Get back The Beatles.

Es mil novecientos sesenta y nueve y en la España de sacristía y procesión, los niños de doce años no teníamos muchas diversiones. Se nos había pasado la edad de los columpios y el pio campo, habíamos leído todos los Tintin y Asterix de la biblioteca e implorabamos unos pantalones largos avergonzados de llevar las rodillas al aire por la calle. A ser posible unos tejanos. Cuando llovía, y a nuestra niñez le llovió mucho y de todo, las opciones eran dos: La OJE, organización juvenil española; una especie de milicia fascista para niños que organizaba campamentos y en cuyo local se podía jugar al ping pong. Aquel verano iniciático fui a un campamento en León pensando que sería divertido, pero no lo era tanto. Primera y ultima vez. Me juré que no volvería. Y que a ser posible nunca vestiría uniforme. Ni obedecería ordenes. Tampoco volví a pisar el local. La segunda opción eran Los Electrónicos, un salón recreativo grande como un campo de futbol con suelo de linoleo que había sido bar y sala de baile en la posguerra. Tenían Petacos, billares, futbolines y arrimado a una pared del fondo una juke-box, la máquina de discos. Dos canciones, un duro. Ese año había salido un single de los Beatles con Get Back y Don’t let me down en la cara B. Si podía la ponía dos, tres veces seguidas, cuatro. El riff del principio y los punteos, el estribillo, me encantaba. Aun sin entender nada de lo que decían. Parecían nombrar Arizona en algun momento, California también, pero al menos podíamos repetir el pegadizo get back, get back…y get back, para de contar. Nuestro segundo idioma era el francés. Nos habían preparado para Aznavour y Brassens, no para los Beatles o Dylan. La pérfida Albión nos debía un Peñon de Gibraltar, de ahí la inquina.

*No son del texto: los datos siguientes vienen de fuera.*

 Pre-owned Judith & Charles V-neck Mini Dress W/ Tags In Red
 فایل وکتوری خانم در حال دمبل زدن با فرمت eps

Cuando salió la colección de Los Juglares de Editorial Júcar empezamos a enterarnos de lo que decían las canciones en inglés. Letras de Bob Dylan traducidas por Jesus Ordovas y Mariano Antolin Rato. Las de Beatles de Alain Dister, Pink Floid de Jean Marie Leduc, Jim Morrison…todo lo que caía en nuestras manos. También en revistas, recuerdo las impactantes letras de Lou Reed en un artículo de Star.

Un poco antes de esos avatares, en enero del mismo año, 1969, los Beatles se reunen durante un mes con dos objetivos: componer canciones para un nuevo LP y actuar en directo en un programa de televisión. Paralelamente Apple Records, su compañía de discos, encarga la filmación de los ensayos que podría desembocar en una película al estilo de Help o A Hard’s day night. De ese rollo, más de ochenta horas, Peter Jackson entresaca casi ocho de documental dividido en tres partes: Get Back, The Beatles.

Si consigues superar la primera media hora de tediosos ensayos de Don’t let me down y te vas sumergiendo en la película llega un momento en el que crees estar allí mismo, asistiendo a la descomposición del grupo de pop-rock más famoso del siglo XX. Los cuatro de Liverpool, Paul, John, George y Ringo se habían distanciado tras volver de la India, de su viaje en busca de la sabiduría del Maharishi Mahesh Yoga. Cuando se reunen parecen músicos profesionales que tienen que resolver un ultimo contrato antes de tomar caminos diferentes. Lennon y McCartney siguen llevando la voz cantante. Y compositora. De hecho George Harrison, que también compone, se siente ninguneado y los abandona enfadado durante varios días. Ringo, muy reservado, apenas habla y parece conforme con la situación.

Mi atención se va sin querer a una figura estrafalaria, fuera de lugar. Como cuando estás invitado en una casa y todo es anodino hasta que descubres en una repisa una figura grotesca que no debería estar ahí, un esbozo de Goya entre acuarelas campestres y ya no puedes despegar la mirada de ella. Es Yoko Ono, una presencia enlutada a veces, de blanco inmaculado otras, contrapunto a los coloridos ropajes de George y Ringo. Paul y John son más circunspectos. No entiendo que pinta entre unos músicos trabajando, pero ahí está, quieta y callada por el momento. Me recuerda al cuervo de Poe revoloteando por la habitación.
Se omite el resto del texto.